An army of hundreds of millions of ants: The dunes of Mauguio-Carnon, a town on the outskirts of Montpellier in France, have become the latest battleground for these tiny invaders. The ant colonies have also spread their conquest to Lyon, Bordeaux, Corsica, Strasbourg, and even other European countries like the Netherlands, Italy, and Switzerland.
Luc Gomel, an ant specialist from Paul Valéry University, revealed the staggering scale of the infestation. “It is estimated that this nest spans approximately 800 meters and houses at least a few hundred million ants,” he shared with France 3, a local news outlet.
“Ordinary ant populations usually number in the hundreds or tens of thousands. Here, we are dealing with unprecedented numbers. These ants form an overwhelming mass, overpowering and displacing other ant species they come across. Their presence can have detrimental effects on other insects they prey upon for sustenance. Furthermore, this domino effect may extend to certain plant species.”

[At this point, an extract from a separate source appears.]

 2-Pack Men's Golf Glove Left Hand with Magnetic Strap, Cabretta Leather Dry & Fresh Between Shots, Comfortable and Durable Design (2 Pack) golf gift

The invasive species responsible for this ecological disruption is Tapinoma magnum. Native to the Mediterranean basin and North Africa, these small, black ants, measuring less than 0.1 inches, have rapidly multiplied and established dominance, outcompeting and decimating local ant populations. Additionally, they emit an unpleasant odor reminiscent of rancid butter.
Jean-Yves Bichaton, in charge of the PACA-Corsica region at the French Observatory of Biodiversity (OFB), shed light on the recent identification of Tapinoma magnum. “It was only distinguished as a separate species in 2017,” he revealed to DayFREuro. “Previously, it was mistaken for three other ants: Tapinoma nigerrimum, Tapinoma darioi, and Tapinoma ibericum.”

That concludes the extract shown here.